— Task to complete —
Since only the text is wanted, print every entry below exactly and omit the images.

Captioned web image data
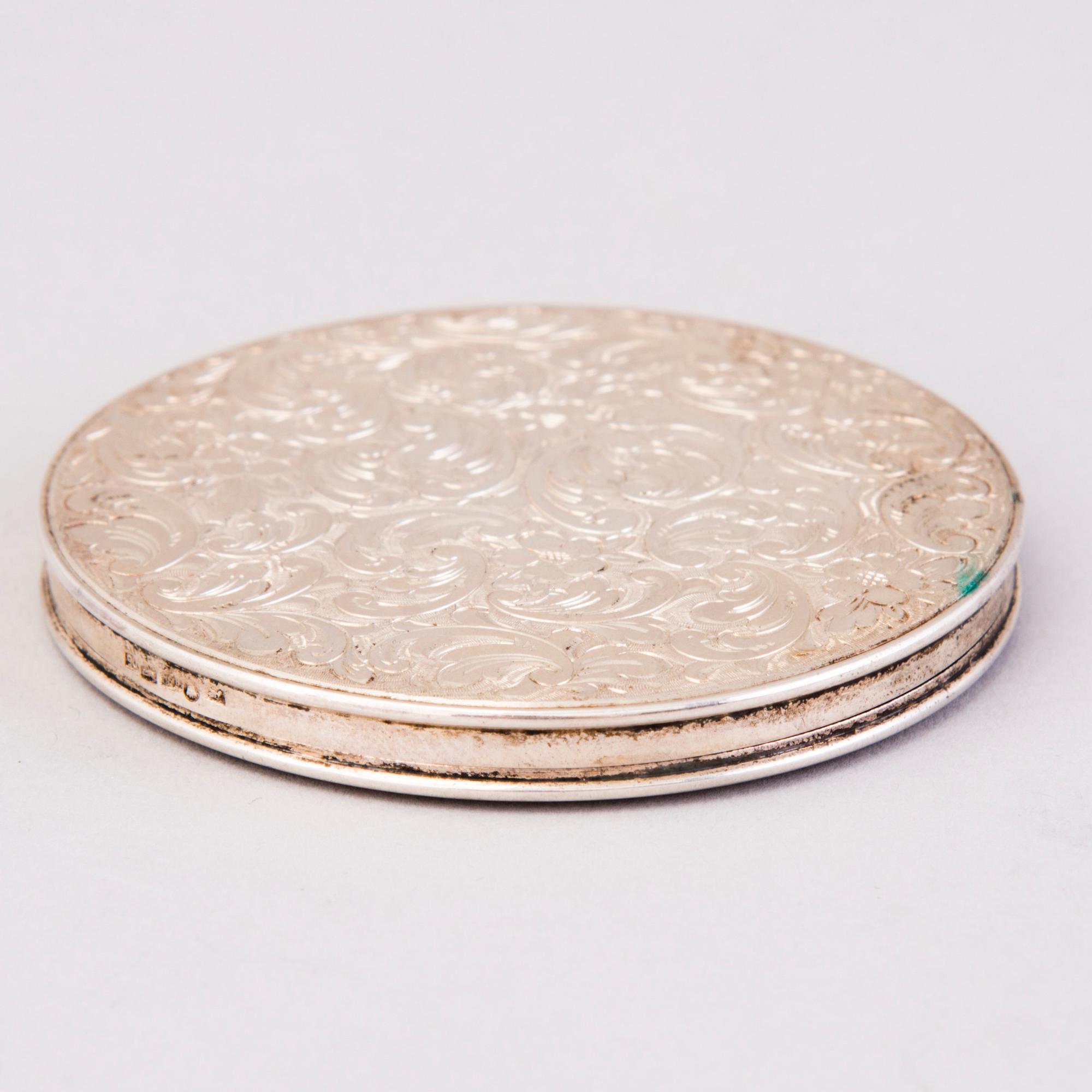 ILTALAUKKUJA, 2 kpl ja PEILI, hopeaa, 1920-1940-luku.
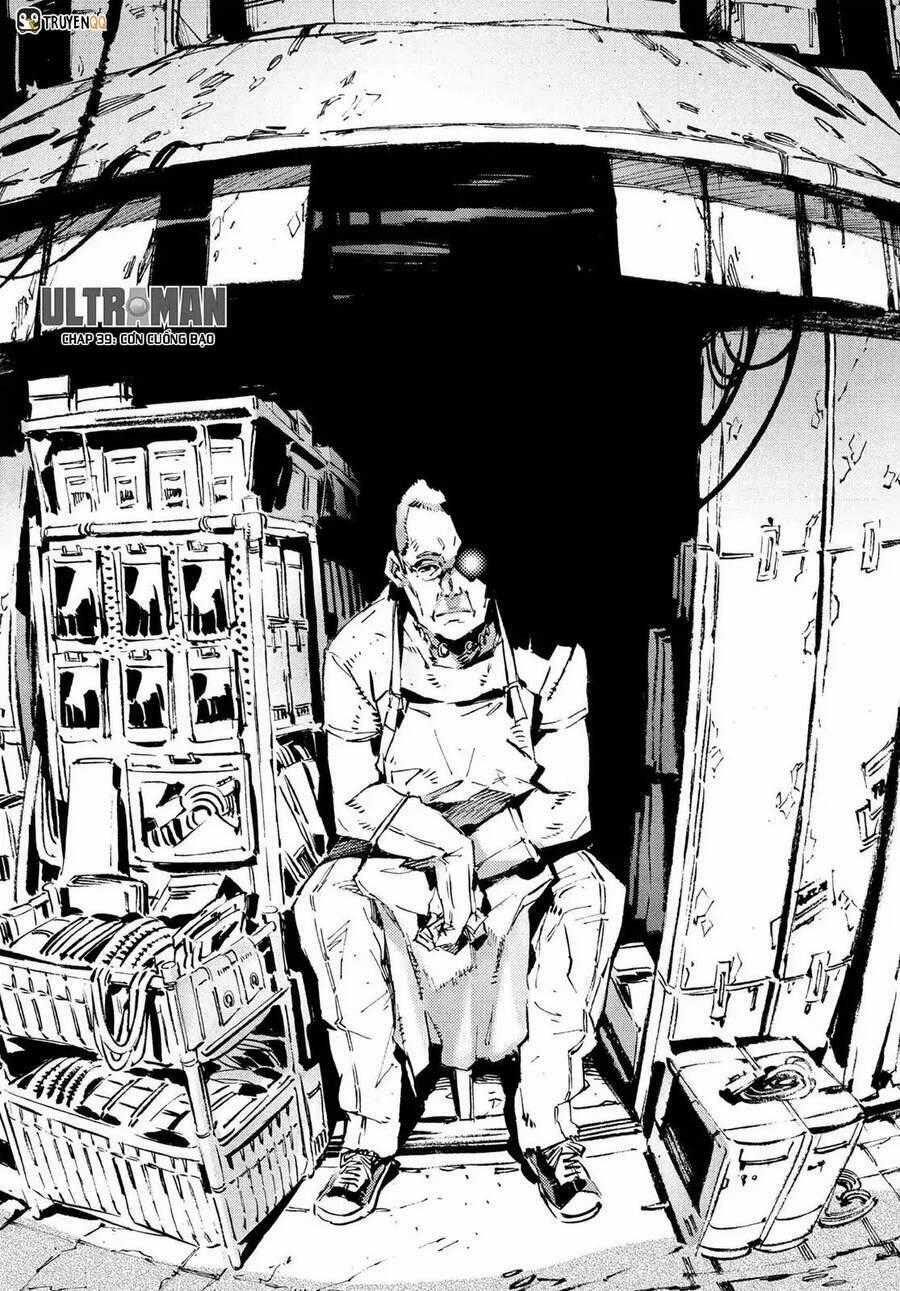 Ánh Sáng Vĩ Đại Chapter 39 trang 1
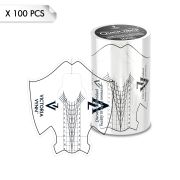 Nail Forms Quick Trick VICTORIA VYNN (100pcs)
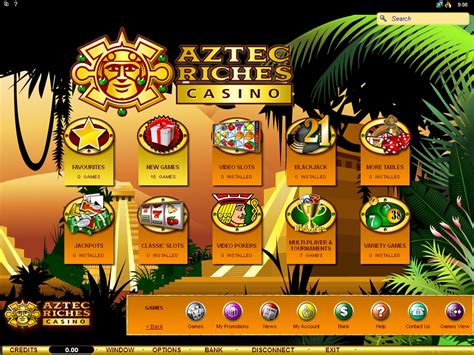 Aztec riches casino Uruguay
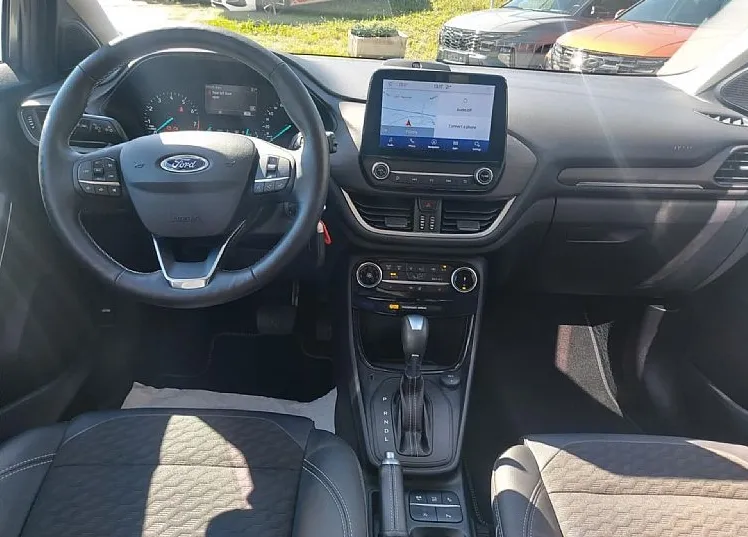 Zunanja slika - Ford Puma - Titanium  Avtomatik - Navigacija - 9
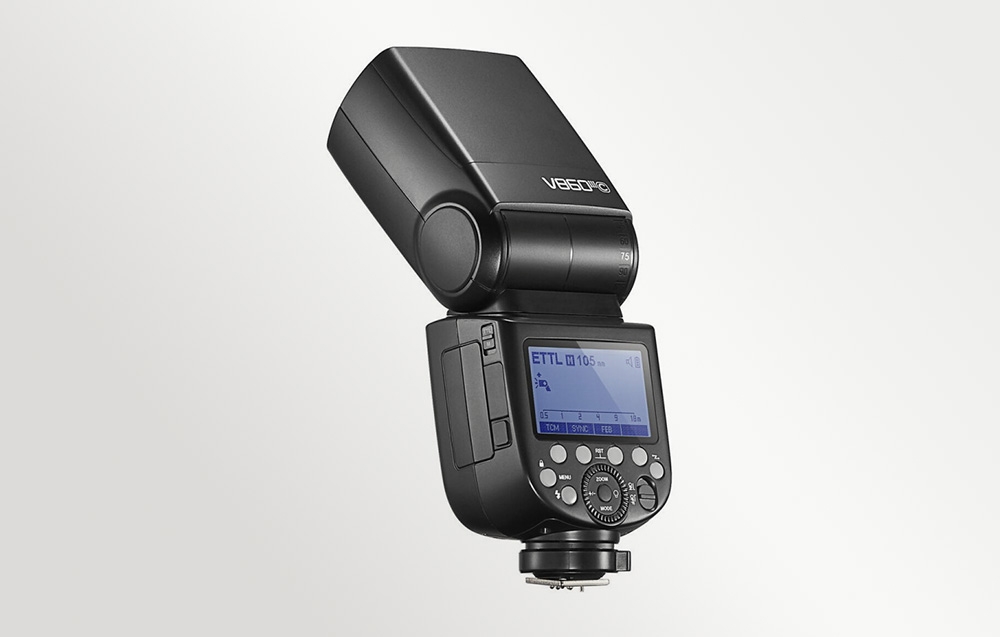 Godox Speedlite V860III Fuji aprašymas - Prekės nuotrauka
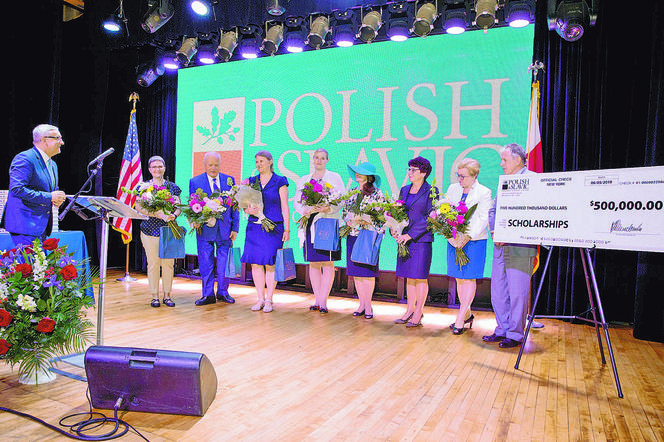 Oto przyszłość Polonii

— Solution for this exercise —
 ILTALAUKKUJA, 2 kpl ja PEILI, hopeaa, 1920-1940-luku.
 Ánh Sáng Vĩ Đại Chapter 39 trang 1
 Nail Forms Quick Trick VICTORIA VYNN (100pcs)
 Aztec riches casino Uruguay
 Zunanja slika - Ford Puma - Titanium  Avtomatik - Navigacija - 9
 Godox Speedlite V860III Fuji aprašymas - Prekės nuotrauka
 Oto przyszłość Polonii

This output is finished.